# [EXERCISE GOAL]
Down to the last line, reproduce the data that follows, but skip the pictures.

# [DATASET CONTENT]
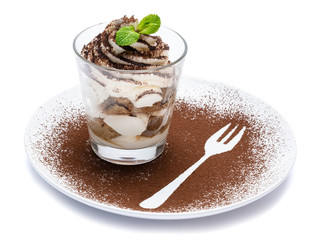 Classic tiramisu dessert in a glass on plate with fork silhouette isolated on a white with clipping path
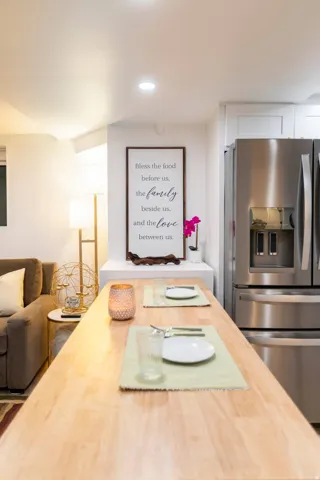 Spacious kitchen area featuring a light wood-finish countertop, stainless steel refrigerator, white cabinetry, and recessed lighting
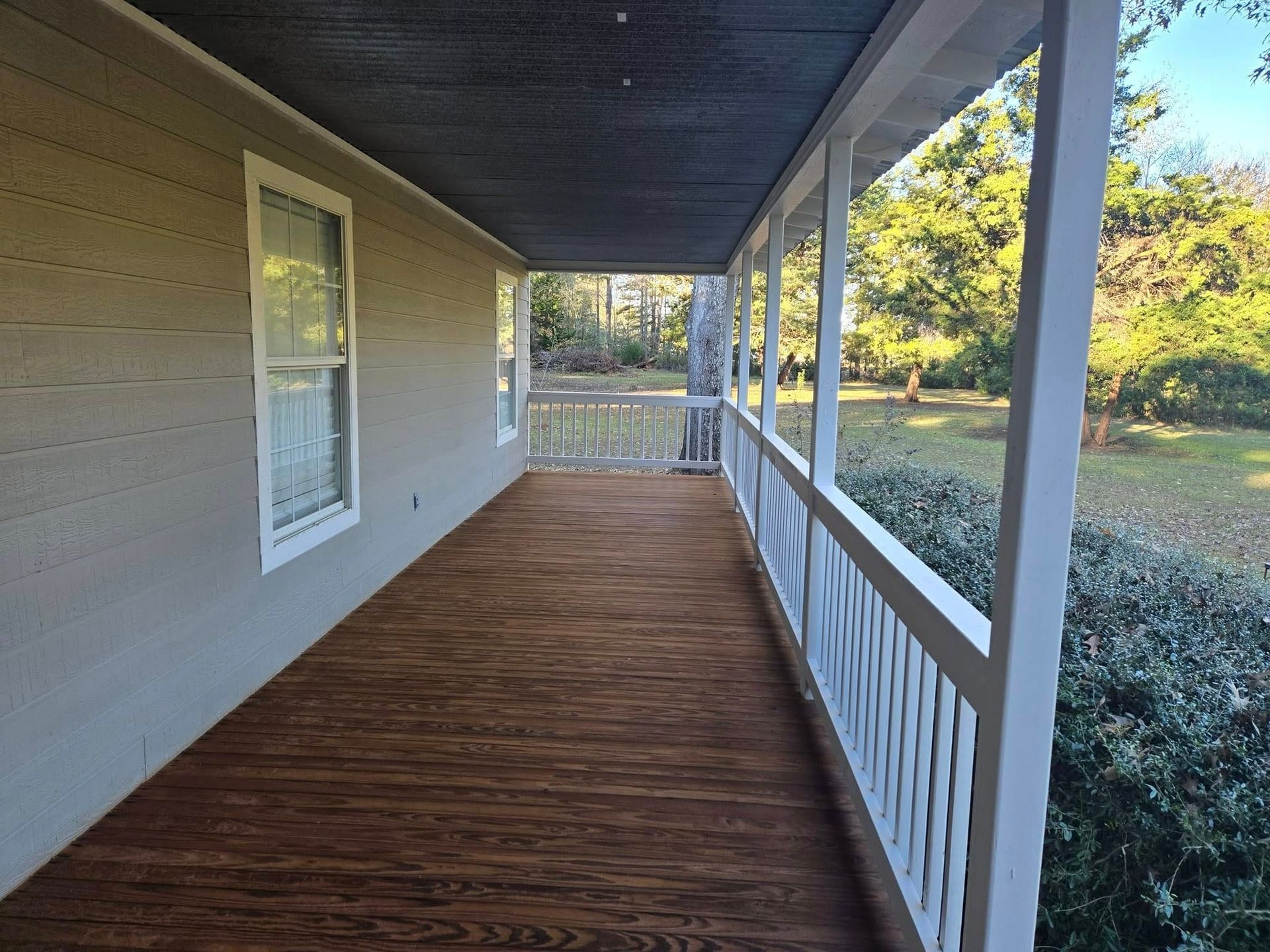 The porch of a house with a wooden deck and a white railing.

# [EXERCISE RESPONSE]
 Classic tiramisu dessert in a glass on plate with fork silhouette isolated on a white with clipping path
 Spacious kitchen area featuring a light wood-finish countertop, stainless steel refrigerator, white cabinetry, and recessed lighting
 The porch of a house with a wooden deck and a white railing.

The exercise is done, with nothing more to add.